No. 446 | S.D. Cal. | Feb 6, 1922

TRIPPET, District Judge.

The question raised by this motion is whether or not a prohibition enforcement officer can stop an automobile on a public highway and search it for intoxicating liquors, without the consent of the driver of the automobile, and without any warrant for arrest or search. This proposition involves the interpretation of the Fourth, Fifth, and Eighteenth Amendments to the Constitution of the United States. These amendments are of equal force and importance. It is plain that the Eighteenth Amendment cannot be enforced without legislation to enforce it, but as to the Fourth and Fifth Amendments, it does not appear that any legislation is necessary in so far as this question is concerned, except that legislation might be enacted for the purposes of stating under what conditions,, a search warrant may issue.

The Fifth Amendment provides that no person shall be compelled in any criminal case to be a witness against himself, and the courts have often ruled in the enforcement of that amendment. Congress has passed a law extending and making additional conditions upon which a man may be examined; for instance, Congress has legislated that a man may or may not take .the witness stand, and no presumption shall arise against such defendant, if he does not take the witness stand. Congress could not pass a law which would' in any way compel a witness to give evidence against himself, for the courts would hold such a law unconstitutional.

[1, 2] As to the Fourth Amendment, Congress could pass no law which would have the effect of declaring a search to be reasonable, when in fact in the opinion of the court it was unreasonable.
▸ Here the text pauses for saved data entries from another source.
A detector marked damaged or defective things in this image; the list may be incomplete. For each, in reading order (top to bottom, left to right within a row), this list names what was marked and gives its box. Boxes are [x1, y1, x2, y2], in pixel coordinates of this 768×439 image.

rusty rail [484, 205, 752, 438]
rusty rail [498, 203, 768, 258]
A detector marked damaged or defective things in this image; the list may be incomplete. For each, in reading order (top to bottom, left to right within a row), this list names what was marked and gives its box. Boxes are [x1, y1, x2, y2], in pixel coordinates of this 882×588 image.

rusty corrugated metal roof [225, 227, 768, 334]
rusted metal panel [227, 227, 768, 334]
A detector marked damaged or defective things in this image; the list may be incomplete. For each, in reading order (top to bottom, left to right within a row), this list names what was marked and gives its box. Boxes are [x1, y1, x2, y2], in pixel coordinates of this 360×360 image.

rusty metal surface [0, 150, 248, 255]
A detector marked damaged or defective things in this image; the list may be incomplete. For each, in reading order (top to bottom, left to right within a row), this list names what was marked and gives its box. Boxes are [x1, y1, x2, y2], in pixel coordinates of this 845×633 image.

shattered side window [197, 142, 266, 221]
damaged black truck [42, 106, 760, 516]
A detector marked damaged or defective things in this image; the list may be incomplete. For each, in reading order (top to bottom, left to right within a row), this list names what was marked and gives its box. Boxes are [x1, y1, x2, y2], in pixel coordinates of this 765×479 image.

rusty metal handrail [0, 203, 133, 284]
What is an, unreasonable search and seizure, as specified in the Fourth Amendment, is a judicial question. In a note to the Revised Statutes (11 Fed. Stat. Ann. 354), the following is stated:

“The question whether a seizure or a search is unreasonable in the language of the Constitution is a judicial and not a legislative question; but in determining whether a seizure is or is not unreasonable, all of the circumstances under which it is made must be looked to.”

This is undoubtedly the law. Congress, of course, could prohibit searches that were reasonable, but Congress could not authorize searches that were unreasonable. Congress has acted concerning the issuance of a warrant and by the Act of June 15, 1917, 40 Stat. c. 30, p. 228 (Comp. St. 1918, Comp. St. Ann. Supp. 1919, §§ 104961/4a-10496^v), has stated the conditions upon which a search warrant may issue. This law, however, has no bearing upon the proposition before the court, except in so far as it specifies how search warrants may be procured. The act itself refers to property which has been *233stolen or embezzled in violation of the laws of the United States, or property used as the means of committing a felony.
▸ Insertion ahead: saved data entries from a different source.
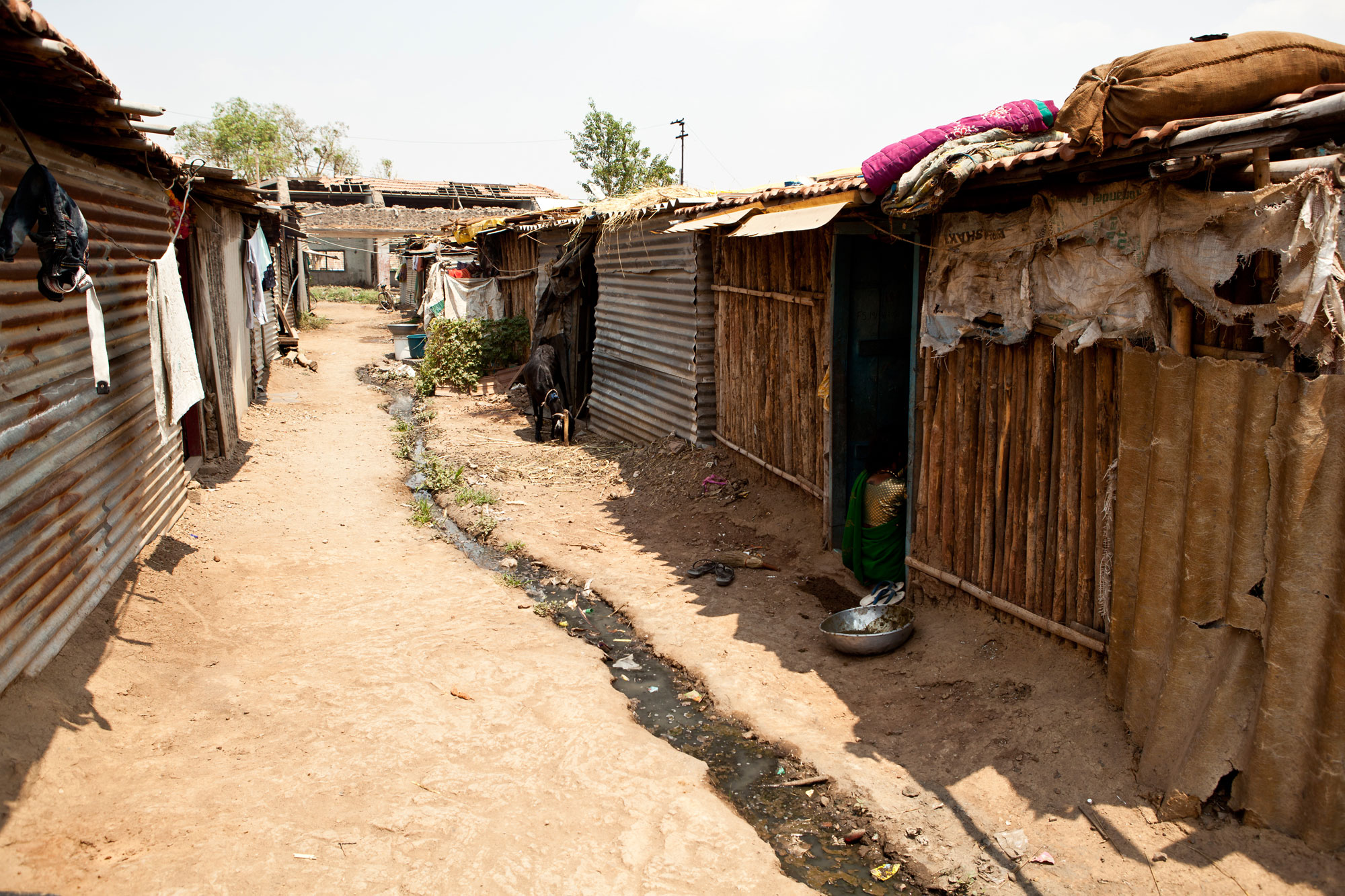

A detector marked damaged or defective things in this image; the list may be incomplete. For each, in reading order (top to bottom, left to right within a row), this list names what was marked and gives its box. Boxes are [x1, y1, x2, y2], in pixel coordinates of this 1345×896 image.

rusty corrugated metal sheet [0, 127, 179, 688]
rusty corrugated metal sheet [589, 214, 716, 444]
torn fabric on wall [925, 170, 1345, 355]
rusty corrugated metal sheet [1103, 344, 1345, 850] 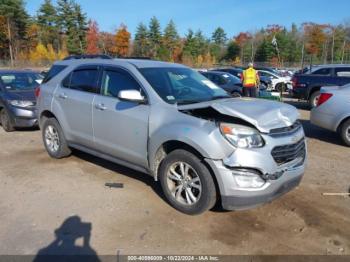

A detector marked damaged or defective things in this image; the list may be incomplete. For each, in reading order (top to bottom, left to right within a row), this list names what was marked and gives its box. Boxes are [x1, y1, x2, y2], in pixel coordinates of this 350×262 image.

damaged front bumper [205, 127, 306, 211] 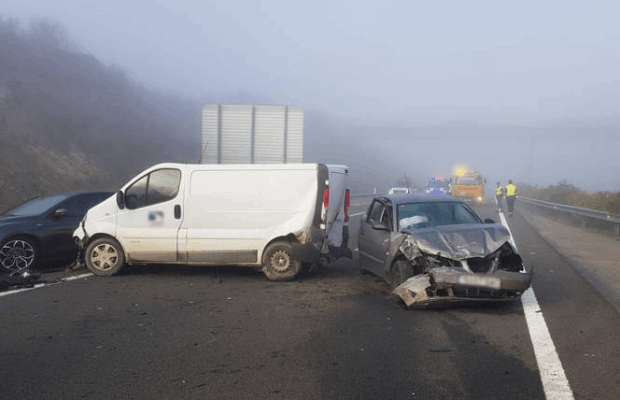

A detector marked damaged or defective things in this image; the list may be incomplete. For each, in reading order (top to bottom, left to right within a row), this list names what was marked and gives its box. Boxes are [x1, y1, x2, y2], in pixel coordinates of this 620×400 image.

crumpled car hood [402, 223, 512, 260] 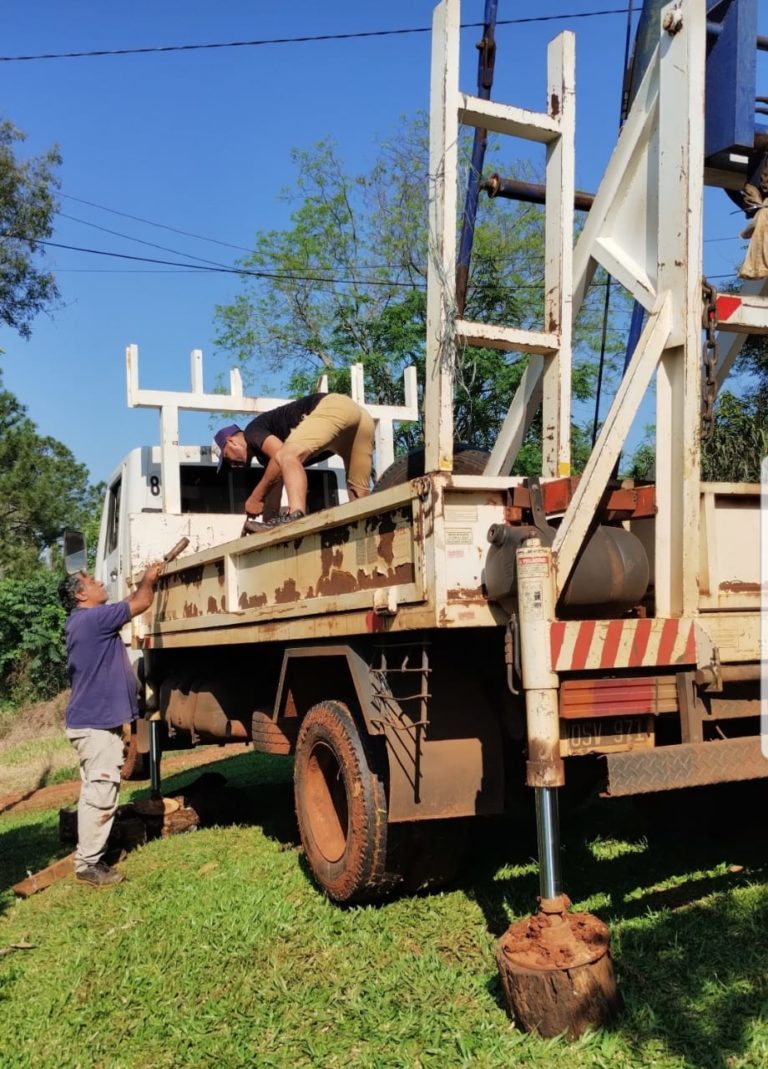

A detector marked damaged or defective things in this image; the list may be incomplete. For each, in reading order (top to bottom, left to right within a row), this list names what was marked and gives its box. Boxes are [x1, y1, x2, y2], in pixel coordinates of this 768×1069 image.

rusty metal panel [603, 735, 768, 795] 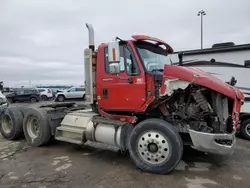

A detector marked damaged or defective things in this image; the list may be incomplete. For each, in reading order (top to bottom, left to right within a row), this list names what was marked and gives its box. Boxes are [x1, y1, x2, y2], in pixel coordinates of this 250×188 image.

damaged front end [158, 64, 244, 156]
Congress on a previous occasion had expressly authorized custom officers to search for goods supposed to be in the United States in violation of the custom laws. These daws were in effect at the time of the adoption of the Eighteenth Amendment. The Eighteenth Amendment must be considered in determining the question of what is an unreasonable search and seizure as prescribed by the Fourth Amendment. If there were no Eighteenth Amendment to the Constitution to be enforced, the court might have an entirely different idea of what is an unreasonable search or seizure as disclosed in this case. In order, therefore, to enforce the Eighteenth Amendment, it is necessary for us to determine what is an unreasonable search or seizure.

[3] In adopting the Volstead Act (41 Stat. 305), Congress took into consideration the question of the right to search and seize certain conveyances. In section 25 of the Volstead Act, there is this provision :

“No search warrant shall issue to search any private dwelling occupied aa such unless it is being used for the unlawful sale of intoxicating liquor, or unless it is in part used for some business purpose such as a store, shop, saloon, restaurant, hotel, or boarding house.”
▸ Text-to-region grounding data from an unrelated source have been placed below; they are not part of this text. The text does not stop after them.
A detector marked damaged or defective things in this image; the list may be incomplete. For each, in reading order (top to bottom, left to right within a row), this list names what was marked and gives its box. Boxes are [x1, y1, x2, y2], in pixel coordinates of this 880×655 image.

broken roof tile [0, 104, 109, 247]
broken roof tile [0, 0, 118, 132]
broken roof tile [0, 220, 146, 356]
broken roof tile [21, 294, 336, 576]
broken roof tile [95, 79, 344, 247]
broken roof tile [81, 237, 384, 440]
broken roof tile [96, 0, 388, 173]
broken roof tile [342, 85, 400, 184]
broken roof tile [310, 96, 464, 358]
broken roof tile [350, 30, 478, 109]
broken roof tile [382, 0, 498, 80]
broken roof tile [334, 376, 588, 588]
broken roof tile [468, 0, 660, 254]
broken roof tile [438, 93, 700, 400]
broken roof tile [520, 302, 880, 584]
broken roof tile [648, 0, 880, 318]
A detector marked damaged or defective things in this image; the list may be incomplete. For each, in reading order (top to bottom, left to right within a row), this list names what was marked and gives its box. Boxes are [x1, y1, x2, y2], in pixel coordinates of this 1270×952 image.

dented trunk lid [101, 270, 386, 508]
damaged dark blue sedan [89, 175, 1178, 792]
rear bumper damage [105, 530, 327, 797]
Here is an expression of Congress to the effect that in certain instances search warrants shall not be permitted. If Congress had been of the opinion that to search automobiles on a public highway without a search warrant was unreasonable, it certainly would have included, with the prohibition as to dwellings in section 25, a prohibition as to automobiles.

Congress had the matter directly before it when it enacted section 26, which contains the following language:

“When the commissioner, his assistants, inspectors, or any officer of the law shall discover any person in the act of transporting in violation of the law, intoxicating liquors in any wagon, buggy, automobile, water or air craft, or other vehicle, it shall be his duty to seize any and all intoxicating liquors found therein being transported contrary to law.”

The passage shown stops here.